De ces années de pratique en Afghanistan et sur de multiples théâtres d'opération, Jérôme Larché n'a pas tiré la tranquille leçon qu'il serait temps pour lui de cultiver son jardin et de laisser les hommes à leur incurable capacité de se faire souffrir. Ce qu'il a vécu, il faut encore qu'il le pense, qu'il tire de ce matériau personnel une réflexion théorique plus générale et plus vaste. Ce qu'il nous livre aujourd'hui, c'est le résultat d'un travail intellectuel, mené de longue haleine, où les disciplines se croisent – l'histoire, la sociologie, la science politique, la philosophie, mais aussi l'économie et la santé publique - puisque aucune ne suffit à dire la complexité de pratiques aux prises avec des résistances et des obstacles qu'il faudra toujours vaincre, mais que la meilleure stratégie ne parviendra pas toujours à surmonter, ou alors au prix de compromis, sinon de concessions, qui vous font perdre votre innocence.

Le regard critique que l'auteur porte sur la réalité in concreto de l'assistance humanitaire et les multiples pièges qui la guettent est sans concession.

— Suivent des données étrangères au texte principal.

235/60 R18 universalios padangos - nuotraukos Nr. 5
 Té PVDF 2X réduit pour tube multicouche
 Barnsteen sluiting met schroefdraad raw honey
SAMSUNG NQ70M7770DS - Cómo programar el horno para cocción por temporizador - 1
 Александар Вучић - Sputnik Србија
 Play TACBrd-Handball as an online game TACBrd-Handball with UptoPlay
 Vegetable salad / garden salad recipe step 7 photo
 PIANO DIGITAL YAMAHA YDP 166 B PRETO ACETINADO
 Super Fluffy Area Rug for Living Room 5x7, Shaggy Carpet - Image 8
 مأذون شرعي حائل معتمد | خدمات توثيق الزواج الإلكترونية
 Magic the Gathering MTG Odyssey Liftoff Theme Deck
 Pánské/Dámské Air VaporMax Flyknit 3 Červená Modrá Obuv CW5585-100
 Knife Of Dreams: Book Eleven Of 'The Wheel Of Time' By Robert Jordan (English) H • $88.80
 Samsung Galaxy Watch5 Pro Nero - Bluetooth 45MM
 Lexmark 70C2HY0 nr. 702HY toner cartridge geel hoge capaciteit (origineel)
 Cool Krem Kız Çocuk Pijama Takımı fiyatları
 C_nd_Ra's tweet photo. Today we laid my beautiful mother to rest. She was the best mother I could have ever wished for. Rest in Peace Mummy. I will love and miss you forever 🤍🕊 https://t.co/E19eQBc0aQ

Là réside son plus grand mérite. Voici, tout d'abord, ces oppositions qui viennent de l'extérieur – les multiples formes de récupération politique ou encore la  nécessité de composer avec toutes sortes d'acteurs, étatiques ou non, peu intéressés, voire hostiles à cette cause – mais aussi les contradictions qu'elle génère en son sein – ne participe-t-elle pas, à sa manière, au grand processus libéral de la mondialisation plutôt que de le remettre en cause, lui apportant simplement une sorte de correction à la marge ?

La documentation très riche et précise nourrit des analyses lucides, dont l'honnêteté pourrait avoir quelque chose de désabusé, mais qui ne l'est jamais. Certes, nous parcourons avec l'auteur la scène dévastée du monde où le mal est plus souvent le fait de l'homme que de la nature. Mais de ces souffrances, de ces misères que les organisations humanitaires s'efforcent de prendre en charge et de soulager, non sans ambiguïtés, il s'agit, en somme, de ne jamais s'accommoder. Aussi est-ce, au bout du compte, un message d'espérance que Jérôme Larché nous délivre. Et cette leçon est d'autant plus encourageante qu'elle ne s'épargne rien de ce qui jour après jour, avec une sorte de répétition lancinante, vient contrarier la mise en œuvre d'une éthique universelle du soin. Ce livre, oui, est un bel exercice de courage.